Staff described exit criteria: students must demonstrate proficiency on two consecutive diagnostics in all qualifying domains to exit an RSP. The district also noted it does not age students out of RSPs; students who have not met exit criteria remain on plans as they progress through grades.
Board members asked about teacher workload, use of PLC time, and whether the volume of data and assessment tools overloads teachers. "We tell ourselves all the time, like, keep the model, keep it simple," said one member of academic services about the department's attempt to simplify reports before they reach teachers. Presenters said they are exploring schedule changes (for example, reallocating part of a full professional development day to PLC work) and have already discussed options with the Wentzville NEA.

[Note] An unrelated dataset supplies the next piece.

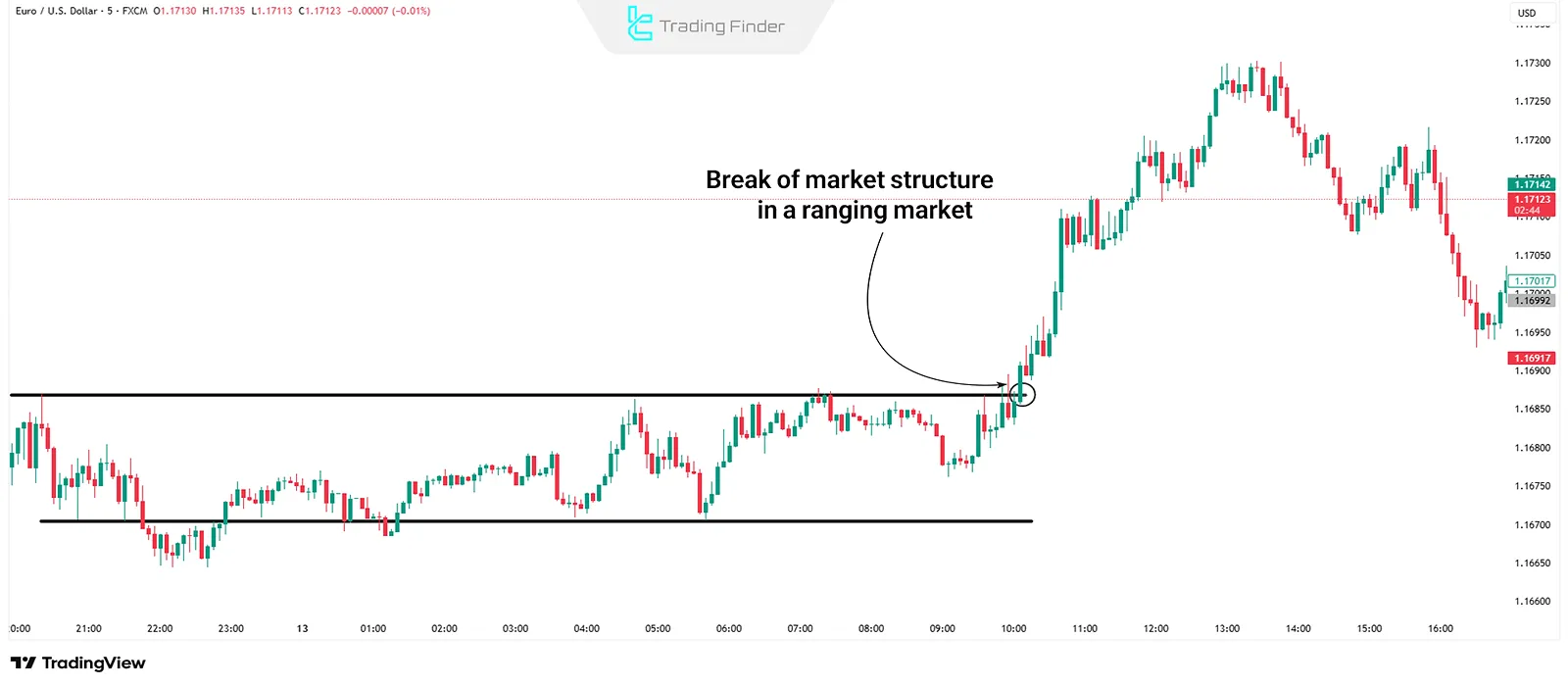 BOS in Ranging Markets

The presentation also described district-wide supports: 99 teachers are in the Beginning Teacher Assistance Program (BTAP) and mentor program; four technology coaches support Canvas and digital resources across 25 buildings and 1,745 classrooms; and the district provides in-house LETRS training for literacy. The academic services team said they will continue to align curriculum, assessments and proficiency skills and emphasized a strategy of "go deep, not wide" for professional learning to avoid continually layering new initiatives onto teachers.

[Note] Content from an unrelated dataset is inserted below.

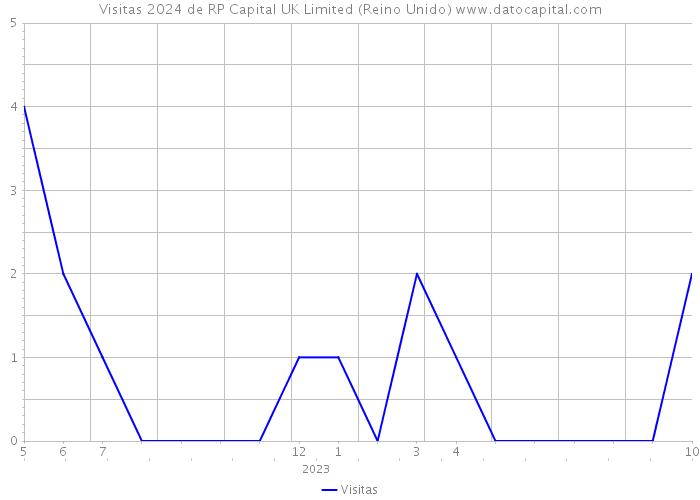 Visitas 2024 de RP Capital UK Limited (Reino Unido)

In question-and-answer, board members pressed for clarity about data comparisons across years and buildings, cohort growth measures, and how assessment changes (such as a new ELA adoption) affect short-term scores. Staff said growth scores calculated by the state will be presented with the APR and that the district will provide building-level data in coming meetings.
The district closed the presentation by noting follow-up actions: rollout of MasteryConnect training, ongoing curriculum updates (40 curricula were slated to come for board review by spring), continued work on RSP step 2 and the district's comprehensive literacy plan, and further data reporting. Academic services leaders asked the board for time to continue reviewing the data and for flexibility while they test schedule and reporting adjustments.
Ending: Board members thanked staff for the presentation and said they would continue to monitor progress and expect additional building-level data and the APR at a future meeting.